I shouldn’t really have come here this morning, Richard Carne thought. But they didn’t tell me not to, so they must have suspected I might. And I’m glad I did. It’s quite striking. Really singular.

It had been an easy journey from London, and only a short detour from where he was headed, to reach Brighton. And an easy journey of ninety seconds from Gateway to Cathedral, in a sleek white-and-silver maglev, to see the Conference Centre at the end of the New West Pier.

Those who employed him were unknown to him. He only dealt with them indirectly, through several layers of proxies and cutouts, but even the little he’d seen of what they could do was deeply impressive. They’d be doing more things between now and the summit, but the summit—here, in two weeks— was where it would really kick off. And what would happen at this Conference Centre would be only a small part of it.

What they could do, he reflected, was quite diverting and singular. He was a relatively minor functionary, but he’d seen and heard enough. There was what they’d done to Asika. And what they’d done to Levin, which was worse. And Levin’s face, when he’d realised he couldn’t defend himself. Now, he thought, let’s have a look at that extraordinary Cathedral, and then a longer look at the equally extraordinary Conference Centre. That was where it would all really begin. The thing which would kill her was quite singular, quite diverting. It might already be here, in this beautiful silver and white building where the summit would begin on October 15.

If not, it would be on its way. 

3

“Half a percent of the world’s population,” Gaetano said, “owns 40 percent of the world’s wealth. Four million people. The ones threatening her are a few random and apparently unconnected individuals, out of four million.”

“Individuals running the founders’ organisations?” “Yes, but indirectly, not as members. They operate through networks of proxies and subsidiaries, the way they operate their share holdings and finances. And they don’t have a secret underground HQ in Antarctica, or a hollowed-out mountain in the Himalayas. They have something much better: their corporations. When they want a task done, or an object made, they divide it down to its smallest components and farm it out to subsidiaries and sub-subsidiaries.” When Anwar stayed silent, Gaetano added, “Maybe Rafiq’s one of them.”

“No. He’s rich, but not that rich. He has millions, but the people you’re talking about have billions. Or trillions.” But Anwar was thinking, Currency isn’t only money, it’s also power and knowledge, and there Rafiq must be in their league. This was beginning to worry him. His mind was racing, but he If this is real, it’s the worst combination of threats: a cell, like Black Dawn, but with trillions. I must talk to Arden.

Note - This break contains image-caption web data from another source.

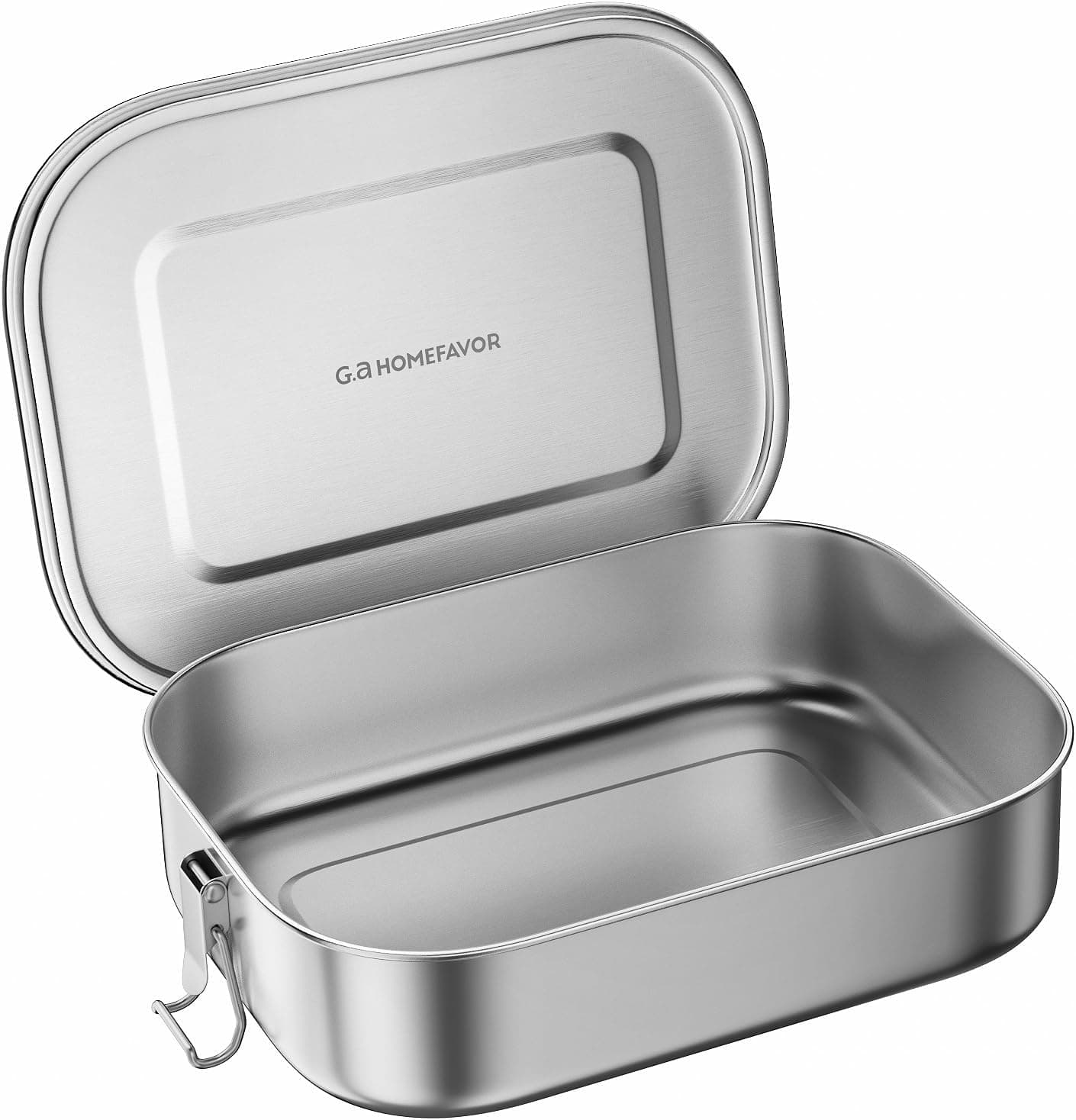 G.a HOMEFAVOR Stainless Steel Bento Lunch Box 1400ml - image 1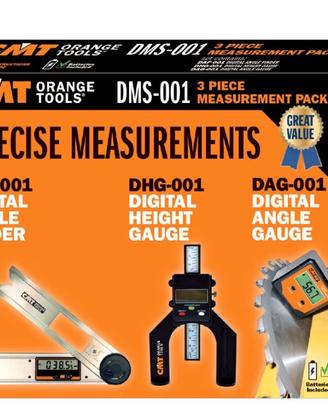 Kit misurazione CMT DMS-001 precisione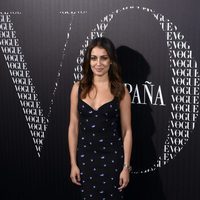 Hiba Abouk en una cena organizada por Vogue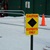 Caution Experts Only Ski Sign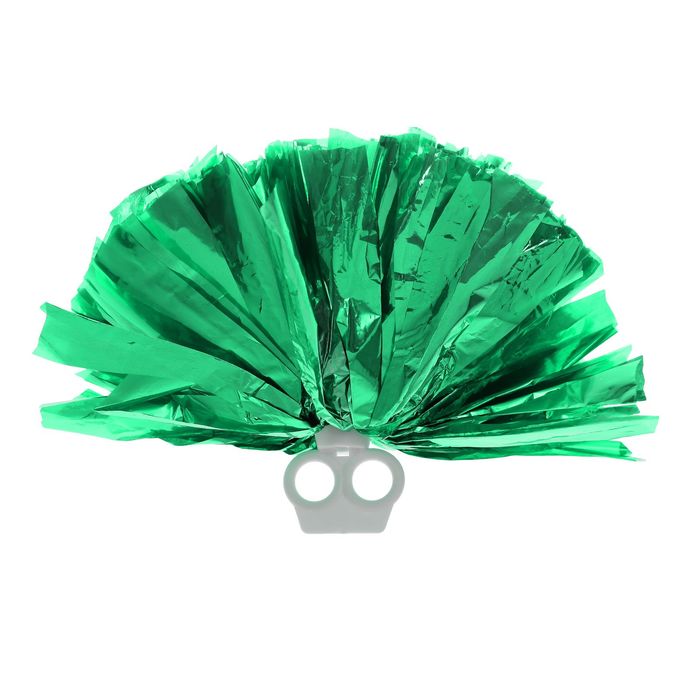 Помпон 50 грамм, цвет зеленый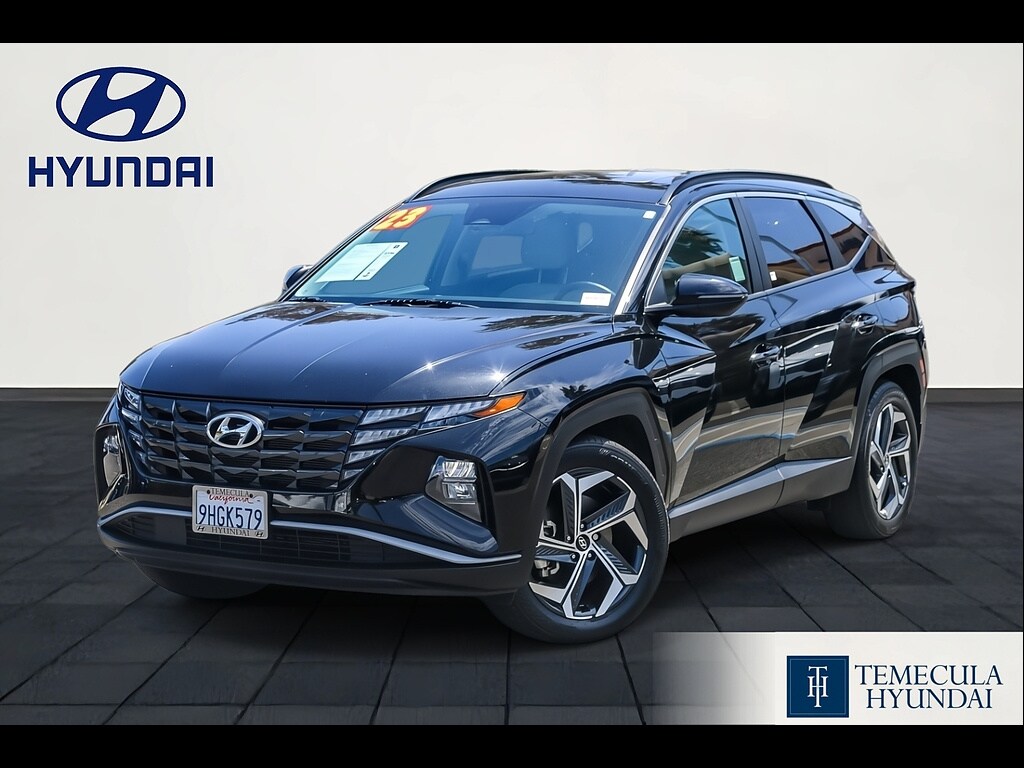 Certified 2023 Hyundai Tucson SEL SUV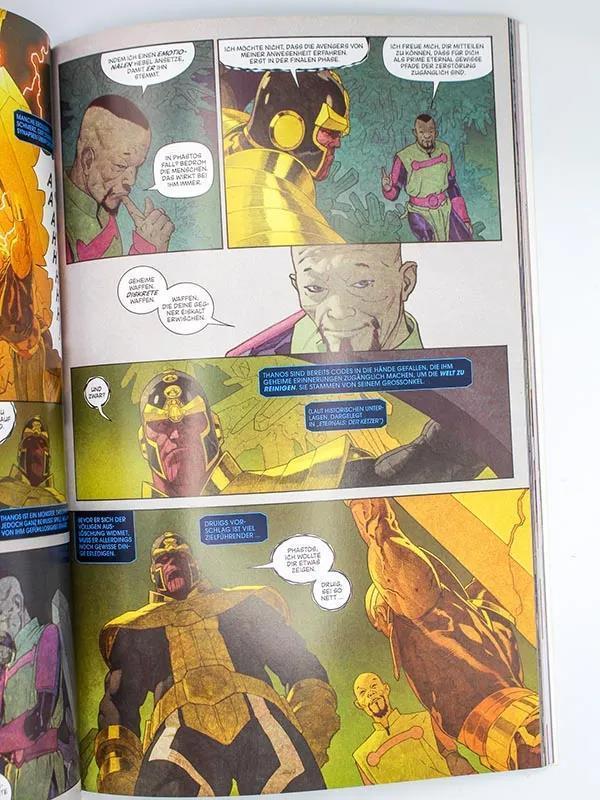 Eternals (2021) 02: Der Thron des Titanen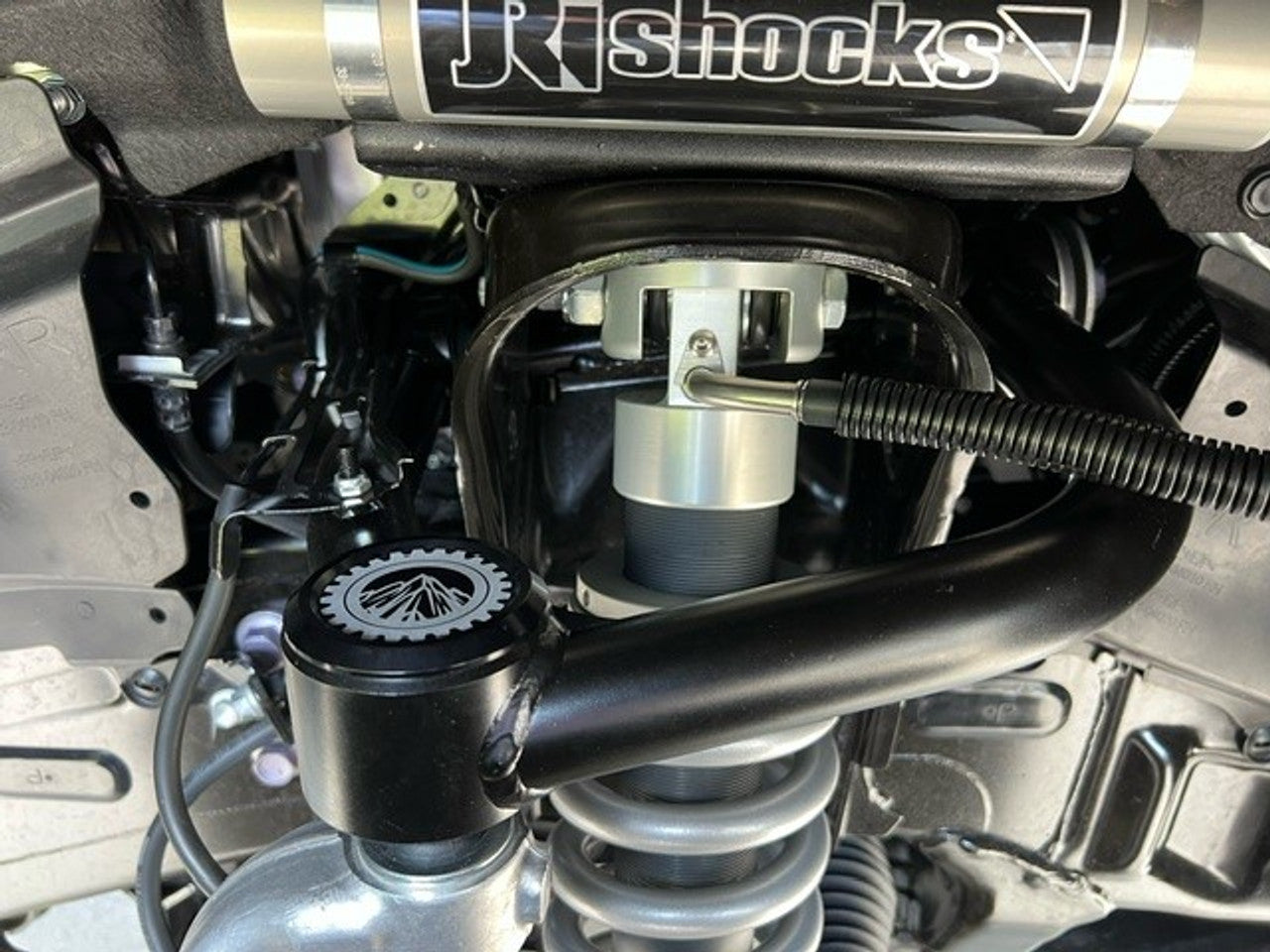 Front Upper Control Arms for 2-4 Inch 2023-Present Toyota Tacoma Freedom Off-Road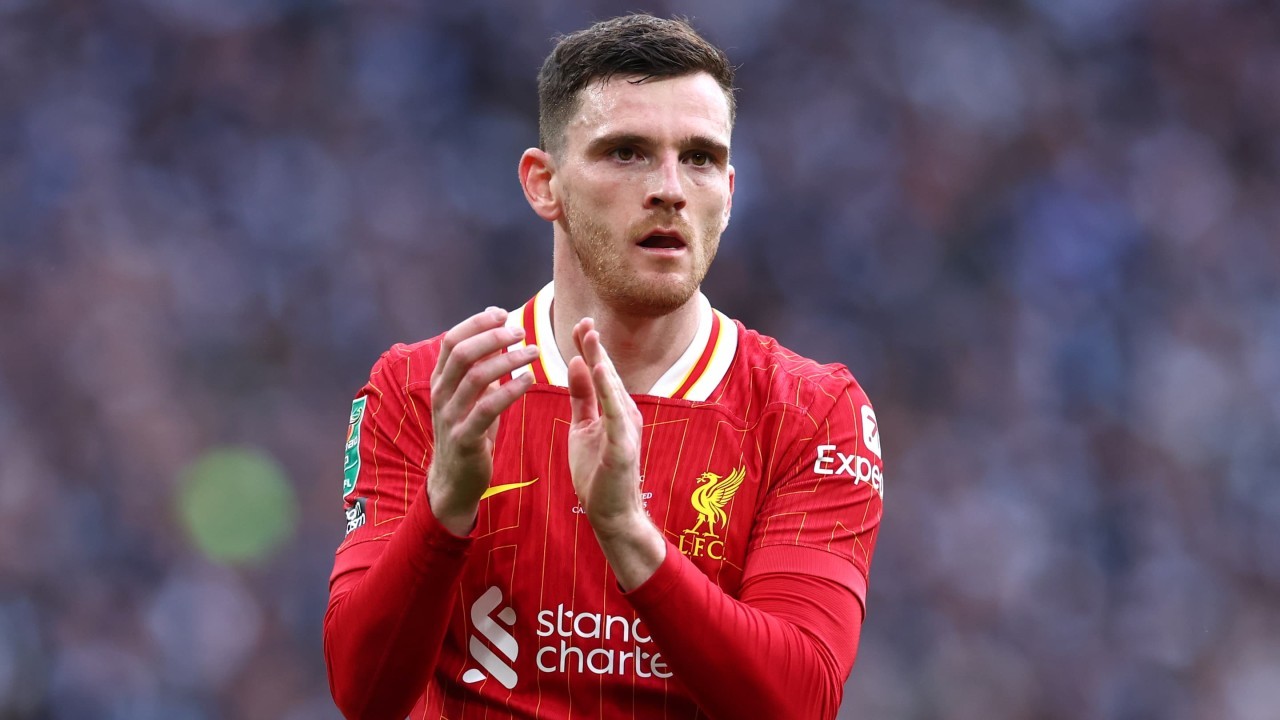 'People jump on one mistake' - Andy Robertson makes scapegoat claim over Liverpool struggles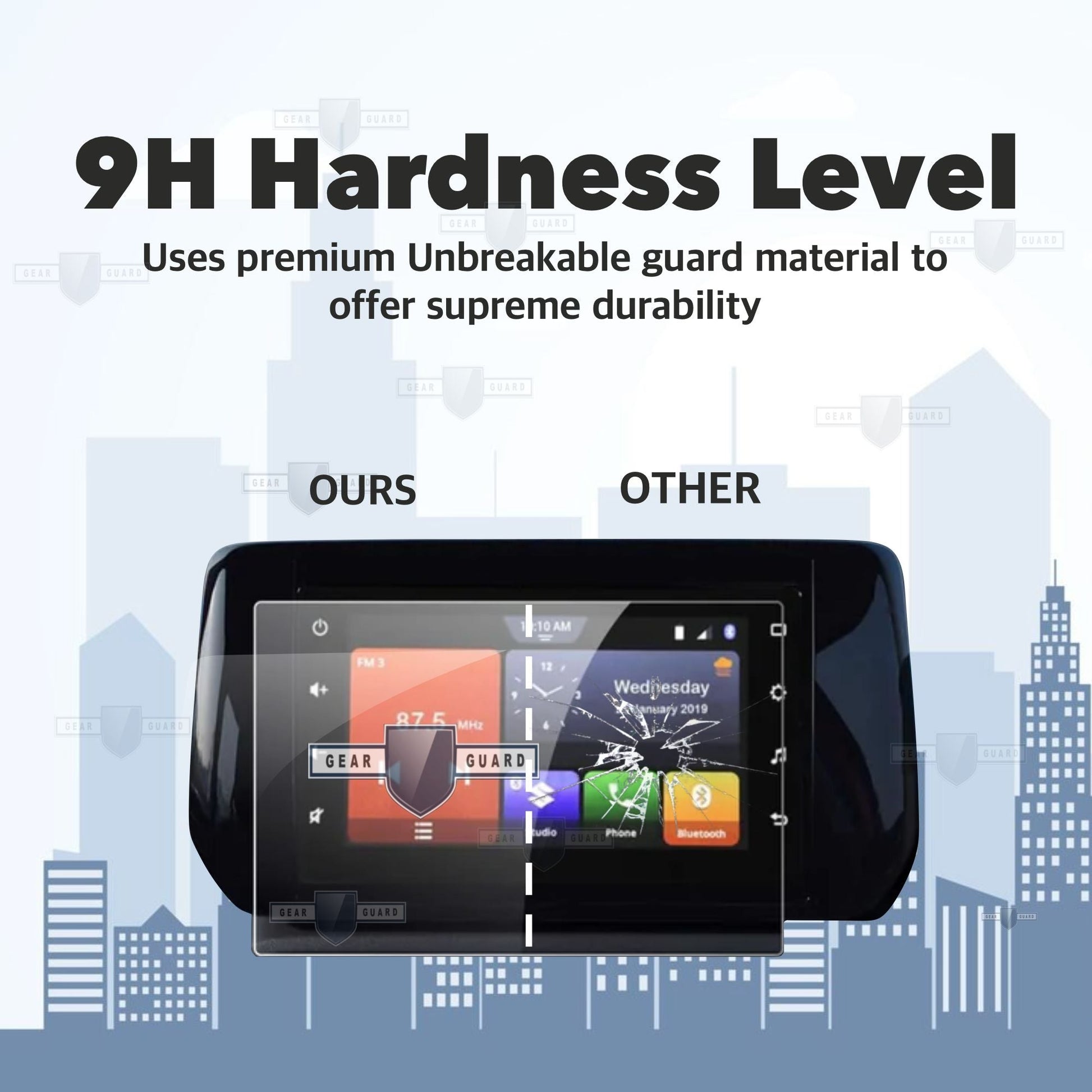 Toyota Glanza Touch Screen Guard [2019 - 2022] - S7C_GLANZA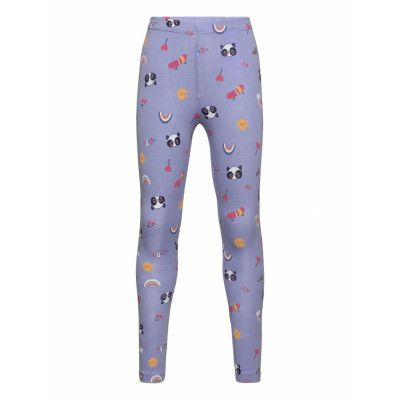 Name It Nmfvivian Aop Legging Lila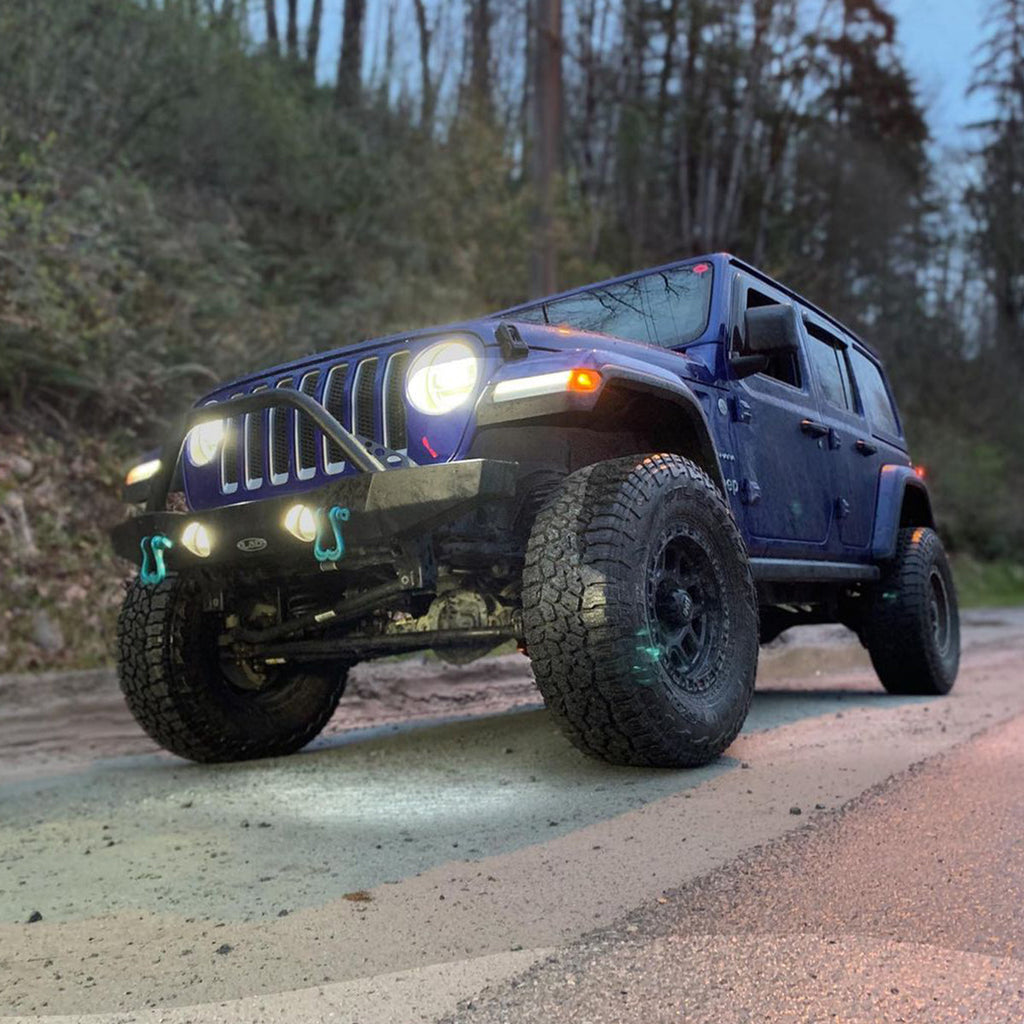 Moose Knuckle XL Shackle 3/4 Raw Dog Moose Knuckle Offroad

Gaetano waited politely for Anwar to digest this—he hadn’t been convinced by Anwar’s convincing poker face—before he continued. “I think they’re putting together something intricate and far-reaching, and her death is only a part of it. But... a handful of people, unconnected, not even members of the founders’ organisations. Out of four million. I don’t think you can easily locate or identify them.”